• DATA SECTION:

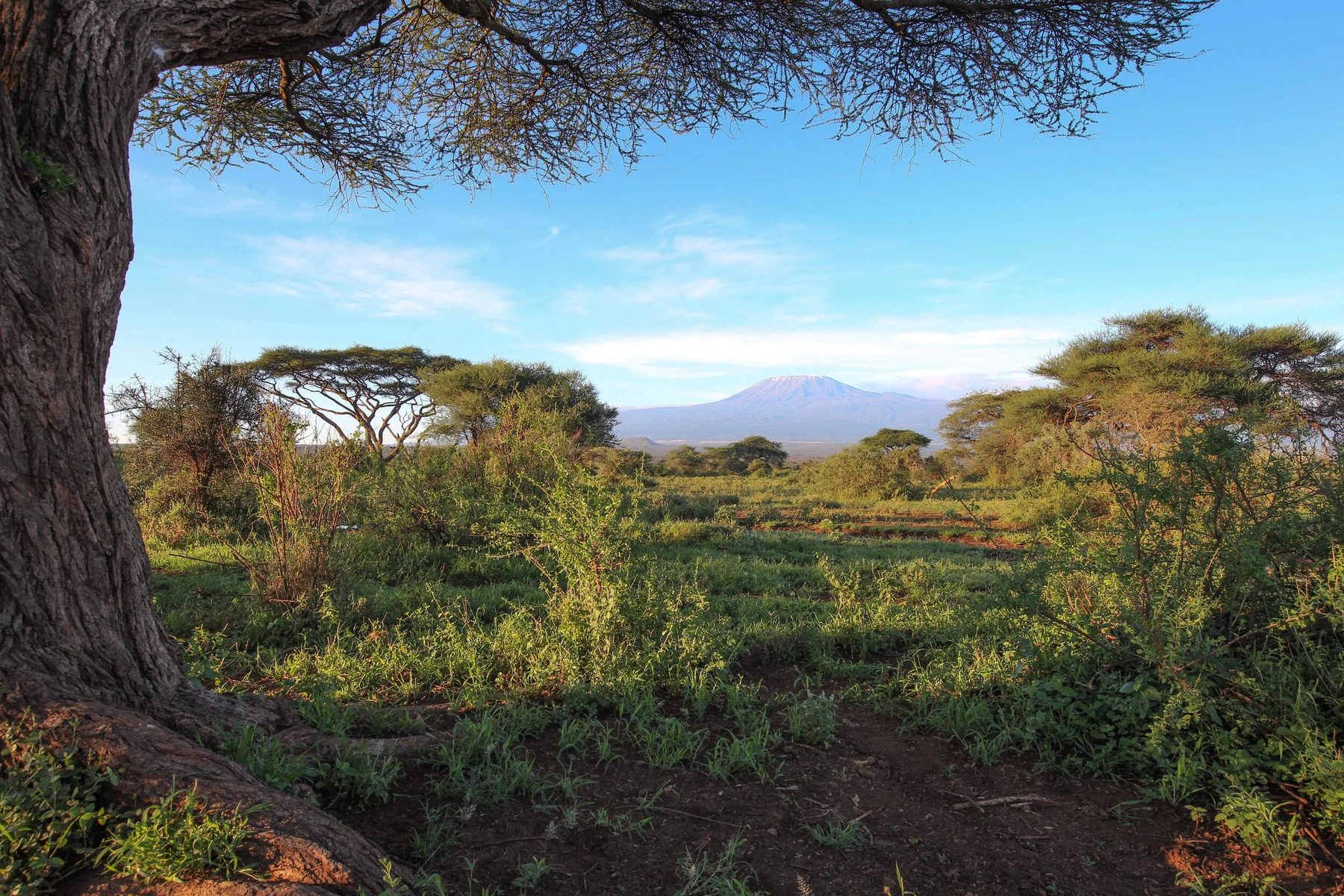 Green bush and acacia trees framed by a tree trunk, with Kilimanjaro on the horizon near Tawi Lodge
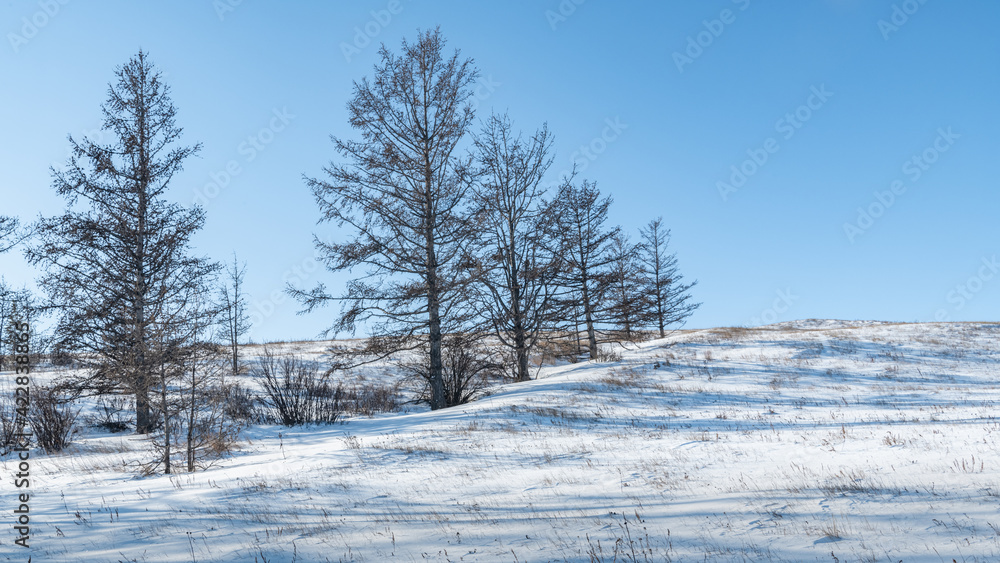 Young larches in the snow-covered steppe Young larches in the snow-covered steppe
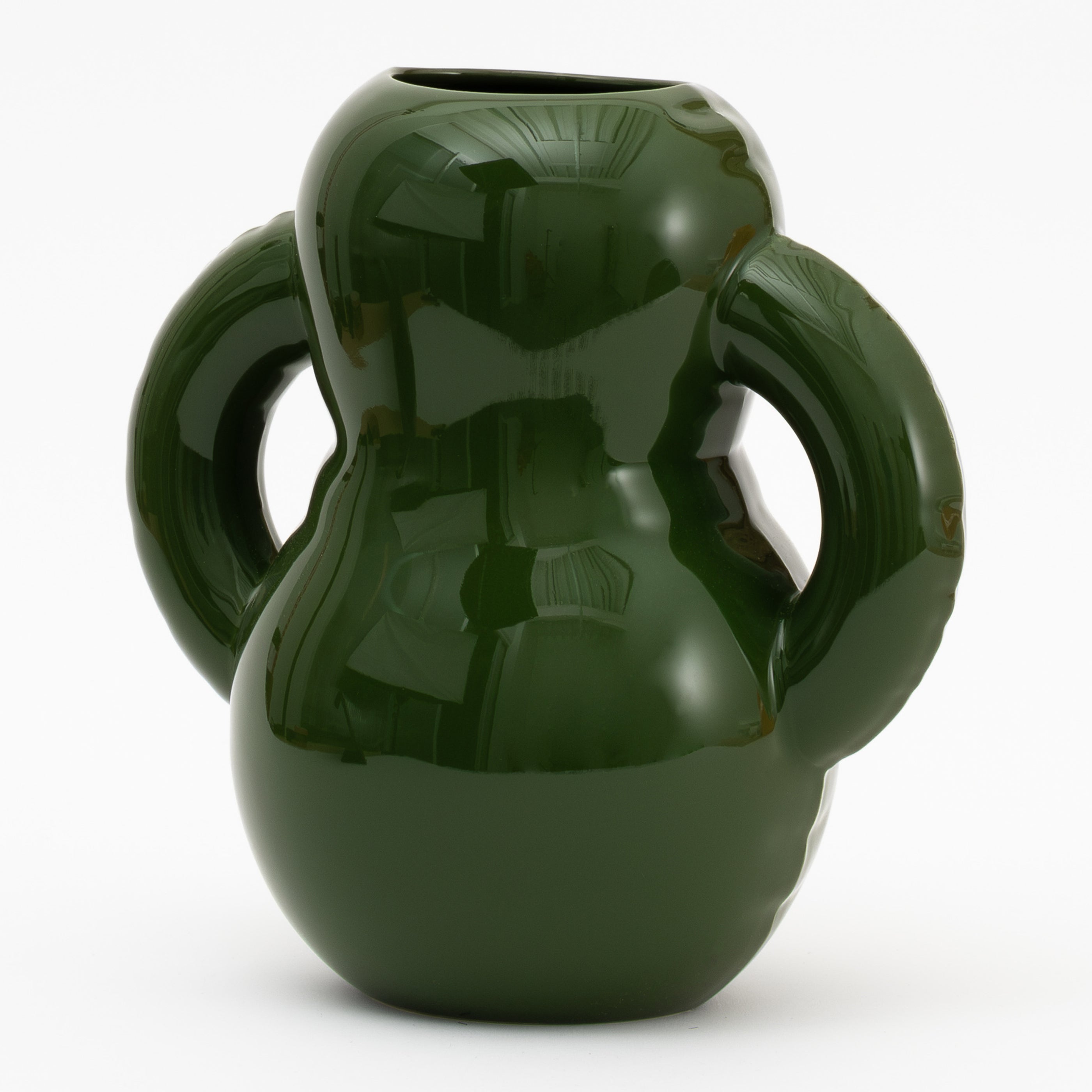 Home Studyo Oscar Vaas - Moss Gloss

• ABOUT THIS EXERCISE: Write the data out again word for word; leave the pictures behind.

• OUTPUT FOR THIS TASK:
 Green bush and acacia trees framed by a tree trunk, with Kilimanjaro on the horizon near Tawi Lodge
 Young larches in the snow-covered steppe Young larches in the snow-covered steppe
 Home Studyo Oscar Vaas - Moss Gloss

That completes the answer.